As always with North Korea sanctions, enforcement is the rub. We can expect North Korean exporters to continue sewing “made in China” labels on their wares and sneaking them into foreign markets — including the United States — to defraud customs officials to get lower tariff rates, and to defraud consumers who would boycott North Korean products and the stores that sell them. In case you’re wondering, yes, we have a law against country-of-origin fraud, and yes, President Obama did sign an executive order prohibiting imports of goods made with North Korean goods, services, or technology (so that’s two felonies, in case you’re keeping count).
It’s entirely possible, of course, that retailers may be selling North Korean-made textiles without knowing it. This recent New York Times story, for example, claims that North Korean sweatshops sew “made in China” labels on their products. That’s consistent with other reports I’ve bookmarked over the years that Chinese exporters are conspiring to commit country-of-origin fraud. Way back in 2004, in the earliest days of this venerable blog, the Korea Times reported that JC Penney was importing and selling North Korean-made textiles in its stores. At the time, I wrote to JC Penney to inquire about the story. JC Penney wrote back promptly and strongly denied having ever imported or sold North Korean-made goods in its stores.
In other cases, manufacturers knowingly use North Korean labor while hoping we won’t find out about it. RipCurl Sportswear and Woolen Mills clothing both became objects of controversy recently for using North Korean labor. And of course, textiles were among the main products manufactured in the Kaesong Industrial Complex. Textile export sanctions would be yet another blow to Moon Jae-In’s plans to revive Kaesong.
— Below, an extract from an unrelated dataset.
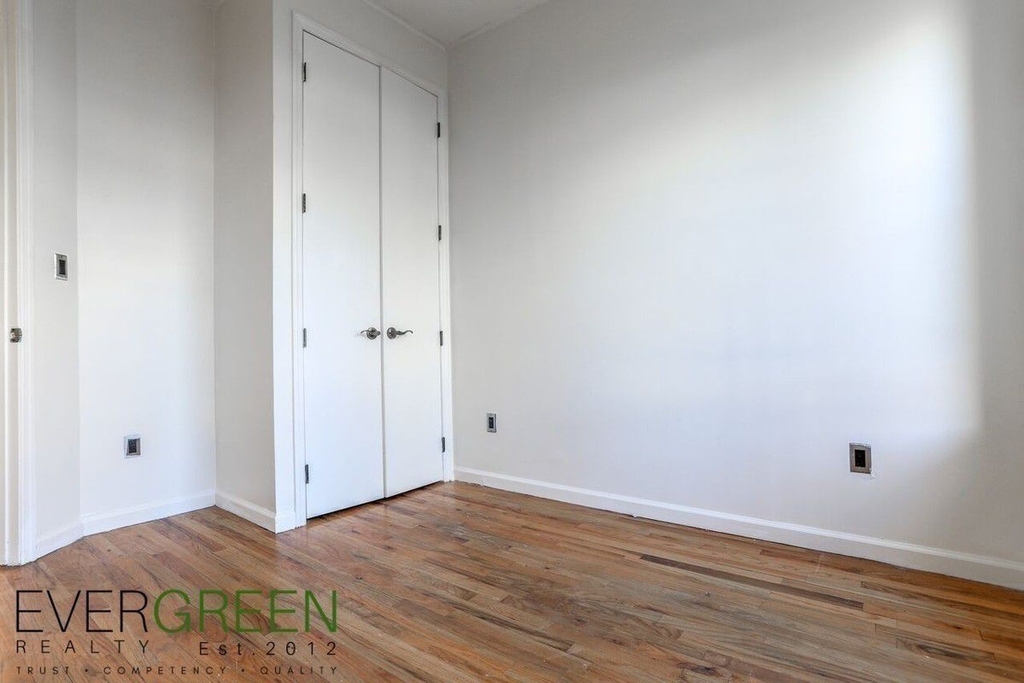 525 lafayette ave - Photo 4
As with other facets of the North Korea problem, there isn’t just one answer to this problem. Part of the answer lies in better due diligence by merchants about their supply chains. Next, suspend your sense of historical irony and learn a lesson from the American cotton industry, which has waged an effective anti-slavery campaign against cheap imports made with Uzbek cotton. The cotton industry collected evidence that this cotton is often harvested with forced labor, and then joined forces with human rights NGOs to mount an effective public and political pressure campaign. It also made good use of this regulation to petition Customs and Border Protection to exclude the imports from U.S. commerce.
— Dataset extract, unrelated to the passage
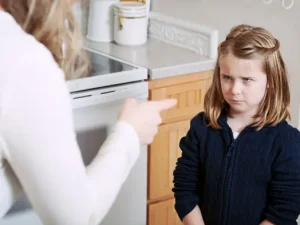 niña-molesta-obedeciendo-a-mama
Finally, when NGOs, industry groups, and investigators discover evidence of fraudulent or illegal North Korean exports within U.S. jurisdiction — either because the transactions were cleared through U.S. banks, because a U.S. person was involved in a transaction facilitating the exports, or because the wares entered U.S. commerce — the U.S. government has several tools it can use to prosecute offenders, and to freeze or forfeit their assets. These include the prohibition against country-of-origin customs fraud, Executive Order 13570 , the new discretionary textile export sanctions authority in section 104(b)(1)(E) of the NKSPEA (as amended here), and the new sanctions against users of North Korean forced labor, which blacklist not only the manufacturers that use North Korean labor, but also the governments that tolerate it.